A: Very big and very important, according to a recent study by PricewaterhouseCoopers titled “Economic Impacts of the Oil and Natural Gas Industry on the US Economy in 2011.”
In 2011, the oil and gas industry contributed more than $1.1 trillion towards US GDP of about $15 trillion in that year, according to the PwC report. That represents 7.3% of the total economic output of the U.S. economy in 2011, and comes from $481 billion in direct impact (jobs, income and value added within the industry), $494 billion in indirect impact (jobs, income and value added throughout the supply chain of the oil and gas industry) and $126 billion in induced impact (jobs, income and value added from household spending of the income earned directly or indirectly from the industry’s spending).
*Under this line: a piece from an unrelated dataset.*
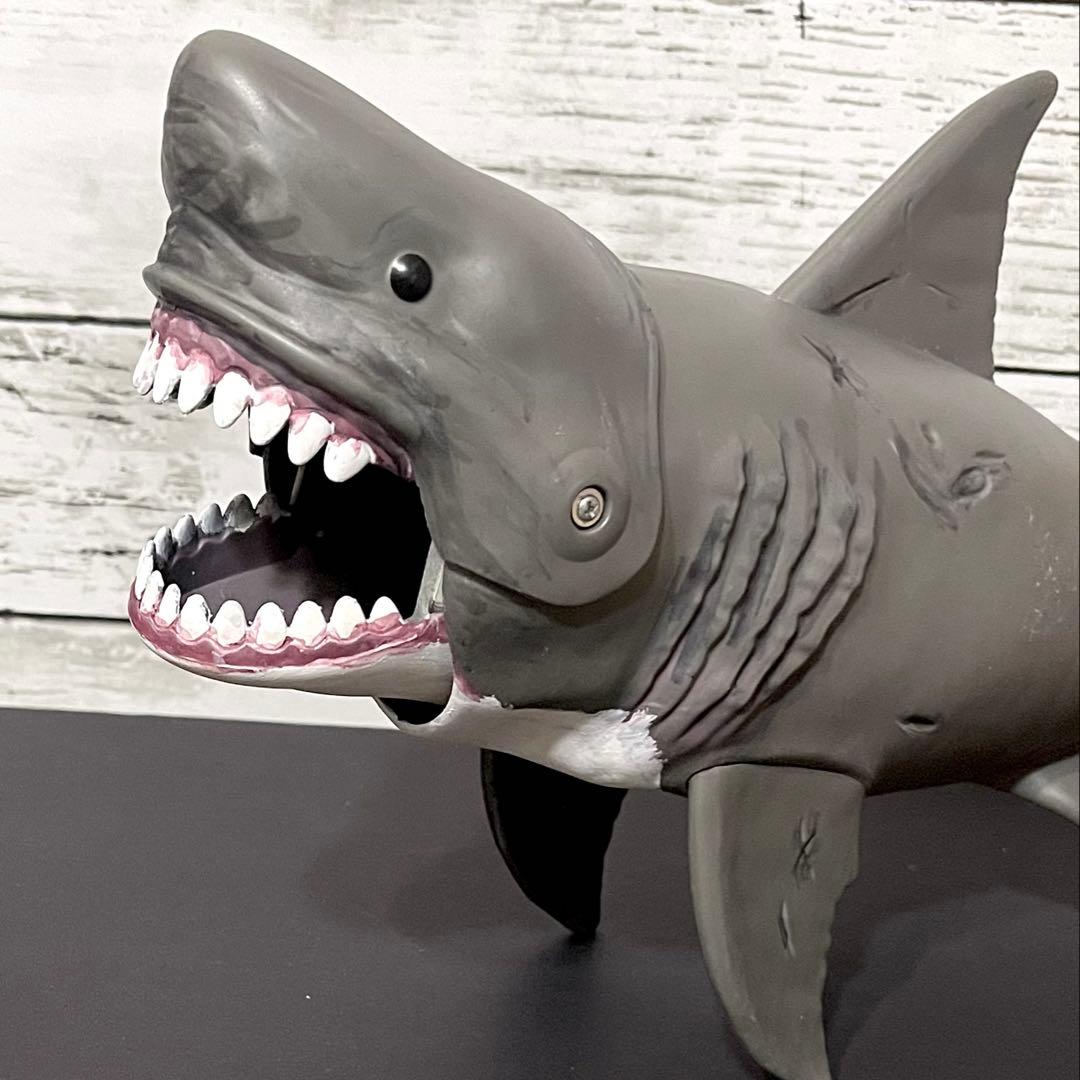 メガロドン　アクションフィギュア　ティラノサウルス付き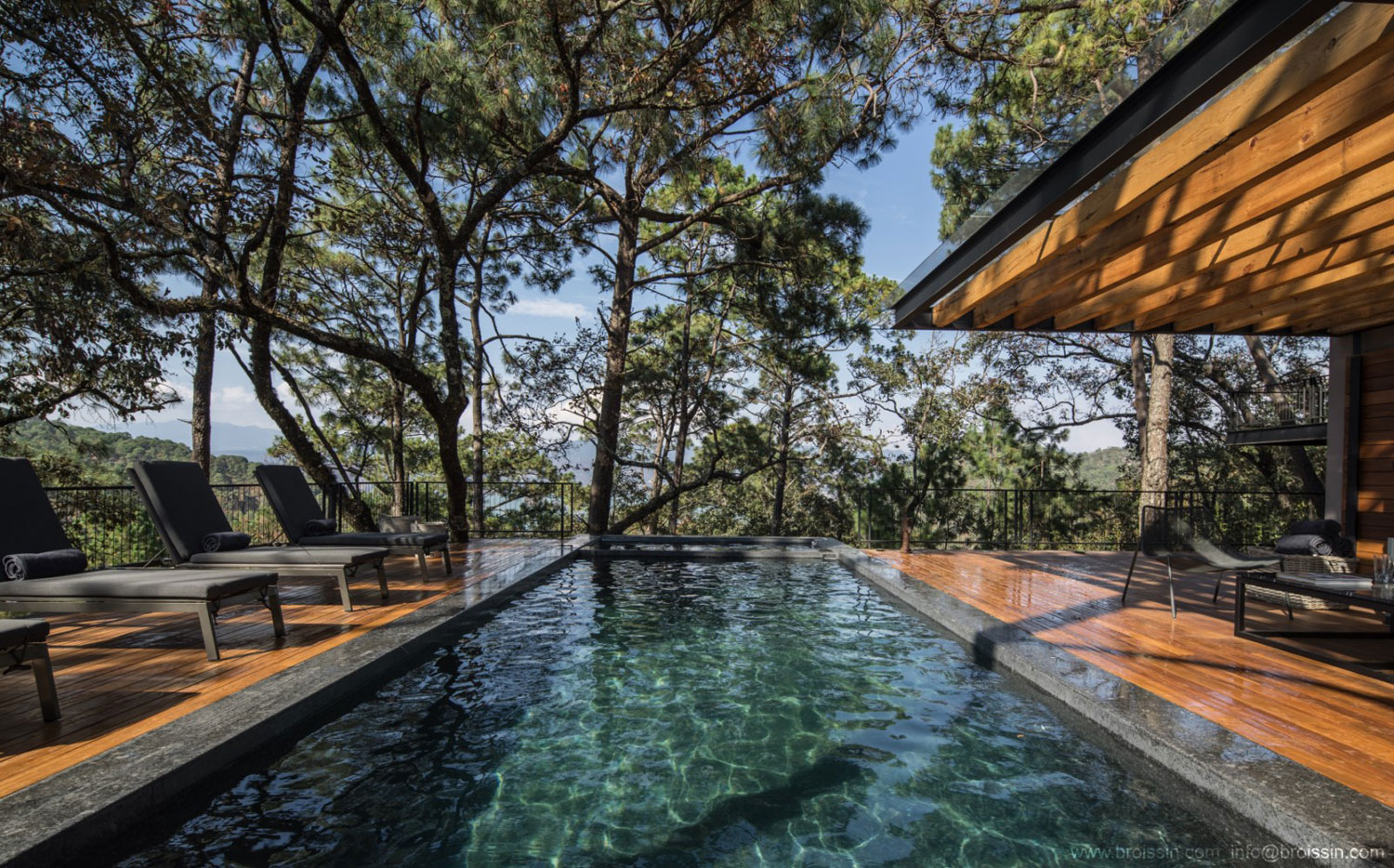 A Stunning Woodland Home Under the Trees in Avándaro, México by BROISSINarchitects (2)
The chart above helps to put the size of America’s oil and natural gas industry into perspective. If the US oil and gas industry was considered as a separate national economy, it would have ranked as the world’s 16th largest economy with “GDP” in 2011 of $1.1 trillion, with just slightly less economic output as the entire national economies of South Korea ($1.11 trillion in GDP) and Mexico ($1.15 trillion in GDP), and not too far behind the GDP of Australia and Spain, based on World Bank data.
Here’s another way to put America’s enormous energy sector into perspective:
Q: Which is larger, America’s oil and gas industry, or the entire national economy of Saudi Arabia?
A. Even with the world’s largest reserves of crude oil and current production of more than 11 million barrels of oil per day, the output of Saudi Arabia’s entire economy at $580 billion in GDP in 2011 was only about half of the size of America’s oil and gas industry at $1.1 trillion.
The PwC report also estimates that the oil and gas industry supports more than 9.6 million jobs in the US economy, with about 2.6 million Americans working directly in the industry, and nearly 7 million additional jobs supported throughout the economy from the indirect and induced effects of the energy industry.
Bottom Line: America’s oil and gas industry is enormous, as is its impact on the US economy. And the positive impact of the oil and gas industry gets stronger all the time, as domestic energy output increases – North Dakota is producing record amounts of oil, Texas oil output has doubled in just the last three years to the highest level since 1987 (Eagle Ford Shale in Texas now ranks as the largest single oil and gas development in the world based on capital expenditures) and the US has probably just surpassed 7 million barrels per day in domestic oil production for the first time in more than 20 years. Domestic natural gas production reached a record high last year, bringing prices down to record low levels and rolling the carbon clock back by several decades. With all of the increased domestic production of oil and gas, the US was more energy self-sufficient in 2012 than in 20 years – we produced more than 83% of the total energy consumed last year (based on data for the first nine months) for the first time since 1991.
When we consider that the economic impact of America’s oil and natural gas industry is like adding the entire economic output of Mexico or South Korea to the US economy, it helps us understand and appreciate the enormous contribution and value of that one industry to our economy. With sensible tax and regulatory policies, and increased access to our nation’s vast energy treasures, there’s no reason why the US oil and gas industry won’t continue to expand and increase its economic footprint. Let’s hope that the economic output of the US oil and gas industry will one day surpass the GDP of economies like South Korea, Mexico and Australia. Or even Spain or Canada.